4 20500 0 500e09e00b512300 500e09e00b512300 0x8 (Medium changer device)
5 20600 0 500e09e00b512320 500110a001022156 0x1 (Tape device)
6 20700 0 500e09e00b512310 500110a001021026 0x1 (Tape device)
7 20800 0 2101001b32255e05 2001001b32255e05 0x1f (Unknown Type)
8 20900 0 2101001b32251006 2001001b32251006 0x1f (Unknown Type)
9 20a00 0 2101001b3225a005 2001001b3225a005 0x1f (Unknown Type)

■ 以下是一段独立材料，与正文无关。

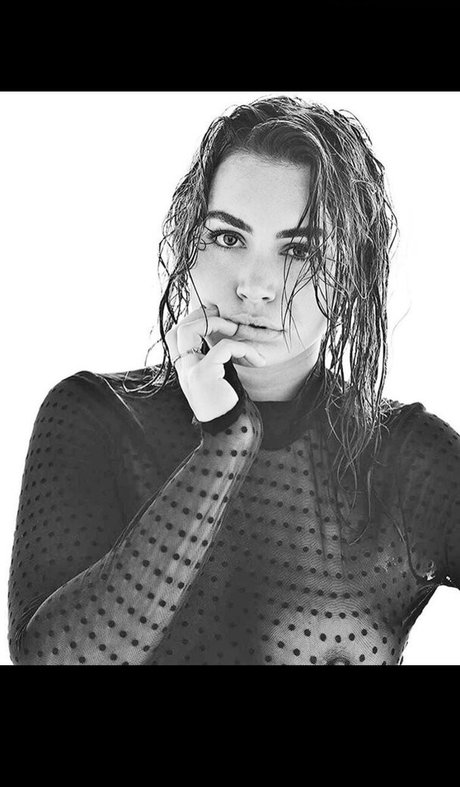 Nacktes geleaktes OnlyFans-Foto von Sophie Simmons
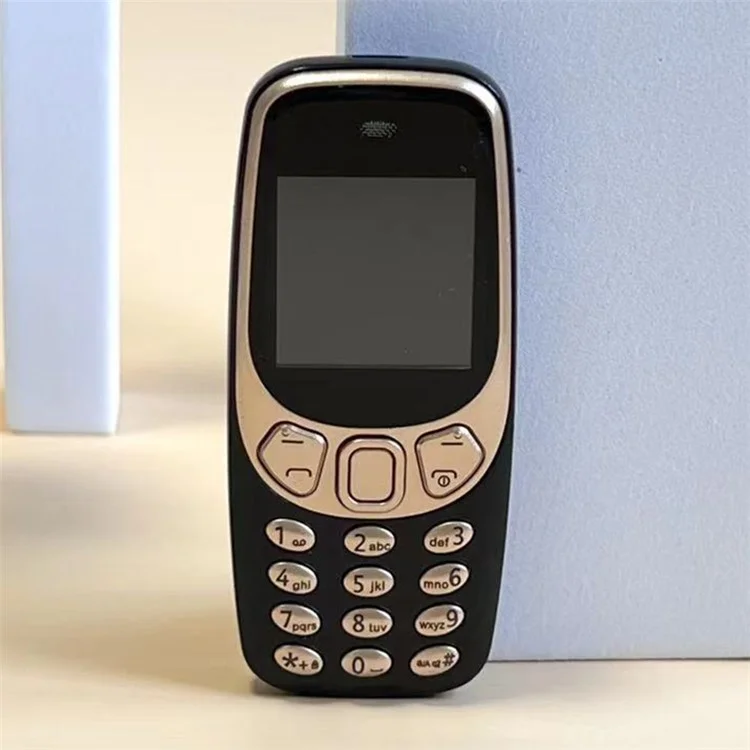 Q3308 1.33 pulgadas Mini Triple SIM Standby 2G Bar Phone - Negro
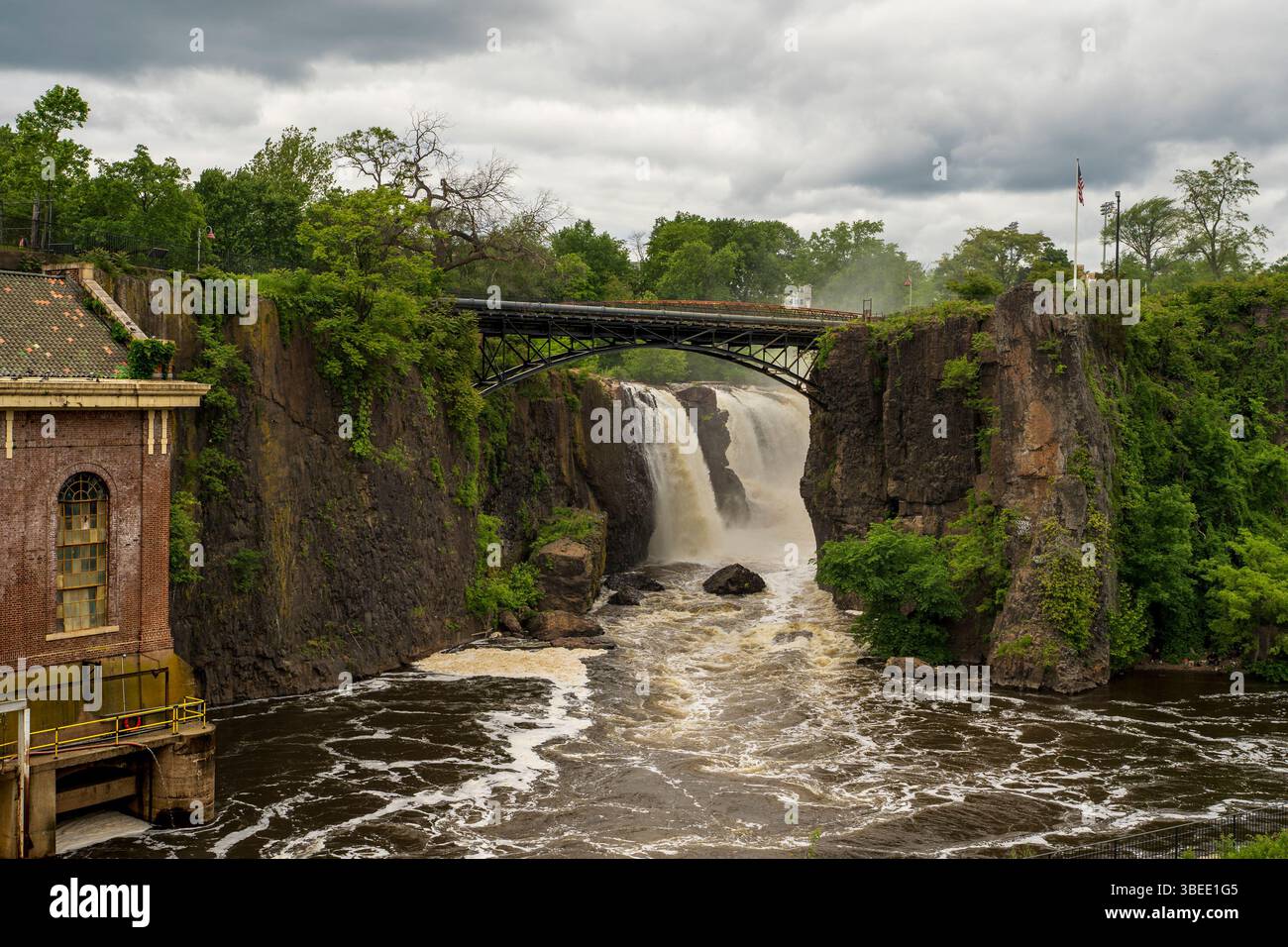 Paterson, New Jersey - Stati Uniti - 24 maggio 2025 le Great Falls of Paterson, New Jersey, sono una splendida cascata di 77 metri sul fiume Passaic, ricca di storia industriale Foto Stock
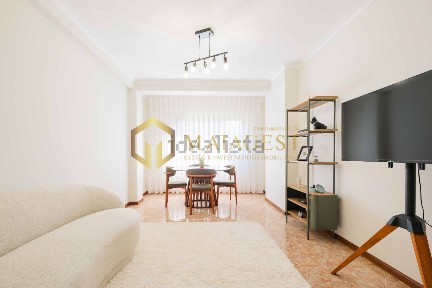 Apartamento T2 à venda na Rua da Portelinha, 275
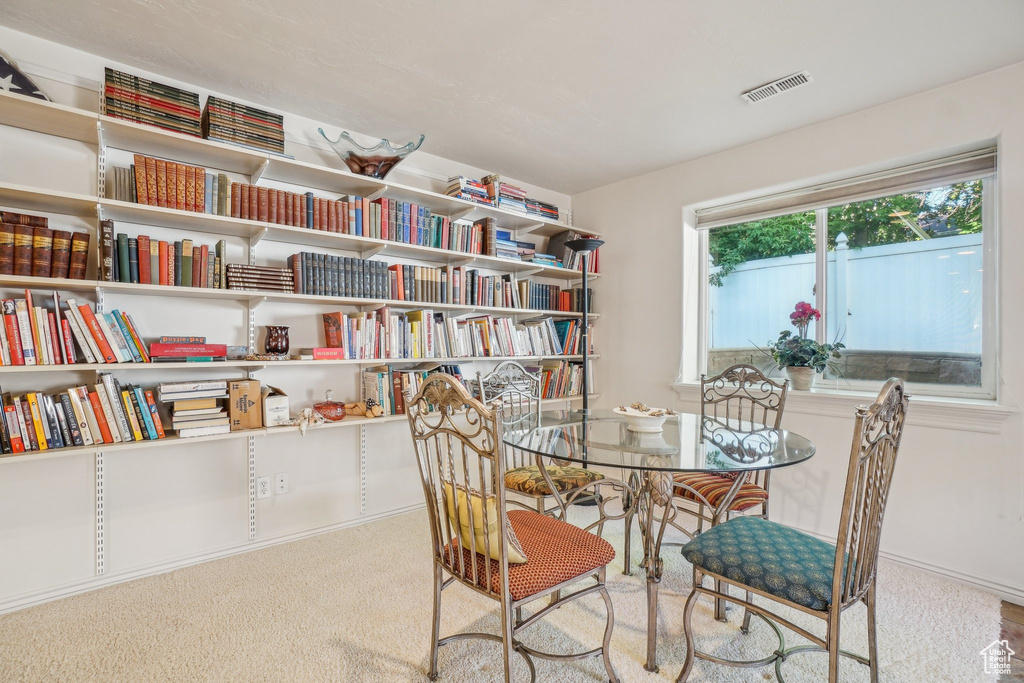 Dining room with carpet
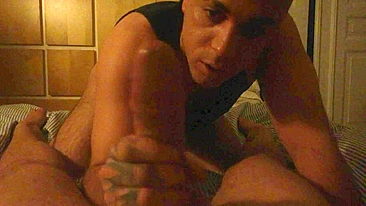 Amateur Homemade Gay Porn with Big Dick Deepthroat Blowjob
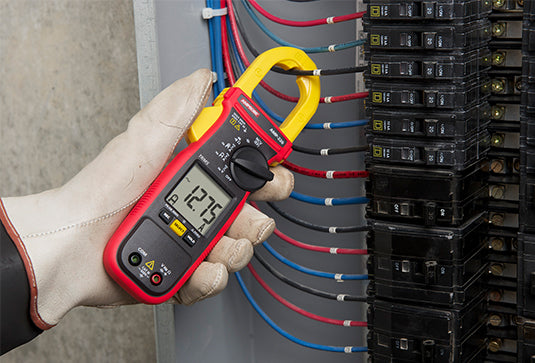 Pinza amperimétrica 600A AC/DC TRMS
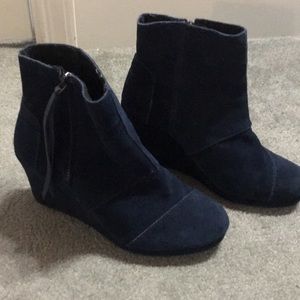 Toms blue suede wedge boot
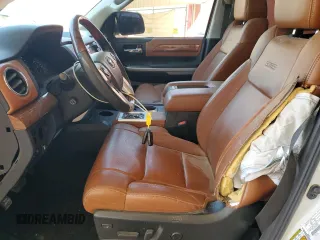 2021 Toyota Tundra Platinum z VIN 5TFAY5F19MX976852, wystawiony jako Copart lot #44753245 z przebiegiem 48 695 mil mil oraz Szkoda całkowita • Salvage title. Historia ofert i sprzedaży dostępna na DreamBid. Obrazek 7.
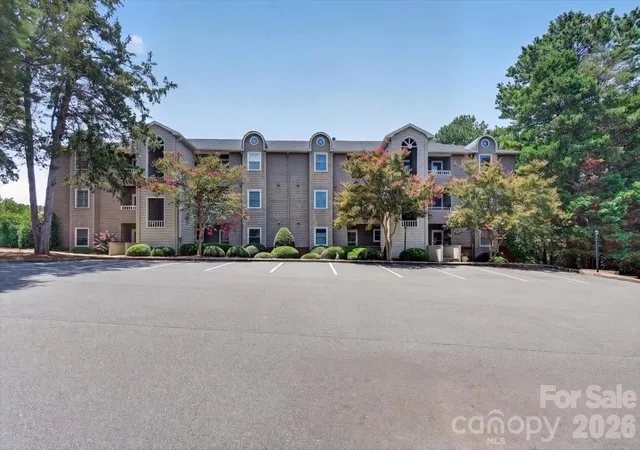 Photo 4 of Condo for sale at 9709 Emerald Point Dr #8, Charlotte, NC 28278 | MLS# 4403326 | Listing updated on 2026-07-21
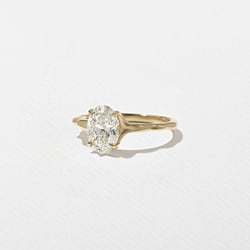 Sloan Oval in 18k Yellow Gold – view 2 thumbnail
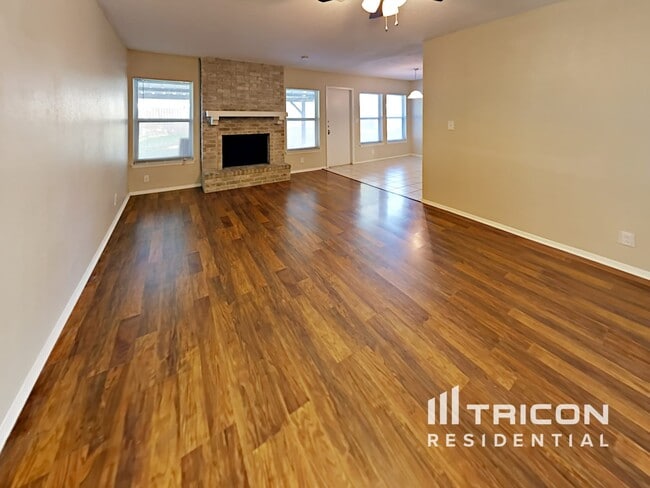 Building Photo - 6801 Castile De Oro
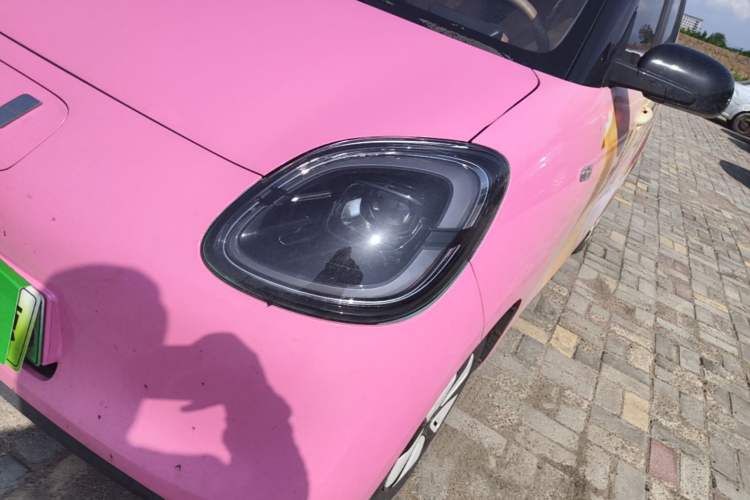 Used Wuling Hongguang MINIEV 2025 Four-Door Version Premium Edition Left Front Headlight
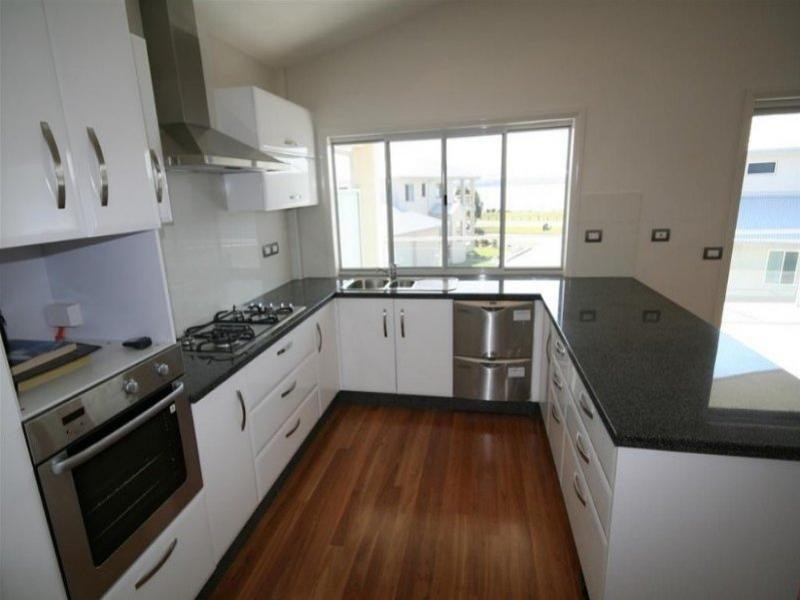 556D The Esplanade, Warners Bay NSW 2282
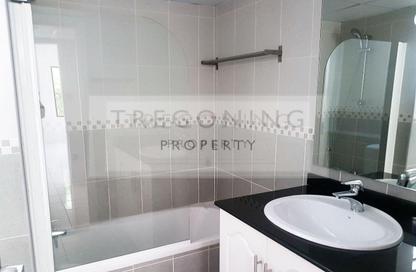 Villa - 4 Bedrooms - 3 Bathrooms for rent in Jumeirah 1 Villas - Jumeirah 1 - Jumeirah - Dubai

10 20b00 0 2101001b3225cd06 2001001b3225cd06 0x1f (Unknown Type)
11 20f00 0 200500a0b819af36 200400a0b819af34 0x0 (Disk device)
12 20000 0 2100001b32055e05 2000001b32055e05 0x1f (Unknown Type,Host Bus Adapter)
Sep 25 16:52:45 M4000-db1 fctl: [ID 517869 kern.warning] WARNING: fp(2)::GPN_ID for D_ID=20800 failed
Sep 25 16:52:45 M4000-db1 fctl: [ID 517869 kern.warning] WARNING: fp(2)::N_x Port with D_ID=20800, PWWN=2101001b32255e05 disappeared from fabric
Sep 25 16:52:52 M4000-db1 qlc: [ID 630585 kern.info] NOTICE: Qlogic qlc(3): Link ONLINE
Sep 25 16:52:53 M4000-db1 fctl: [ID 517869 kern.warning] WARNING: fp(2)::N_x Port with D_ID=20800, PWWN=2101001b32255e05 reappeared in fabric
Sep 25 16:54:37 M4000-db1 fp: [ID 517869 kern.info] NOTICE: fp(1): PLOGI to 20400 failed state=Timeout, reason=Hardware Error
Sep 25 16:54:37 M4000-db1 fctl: [ID 517869 kern.warning] WARNING: fp(1):LOGI to 20400 failed. state=c reason=1.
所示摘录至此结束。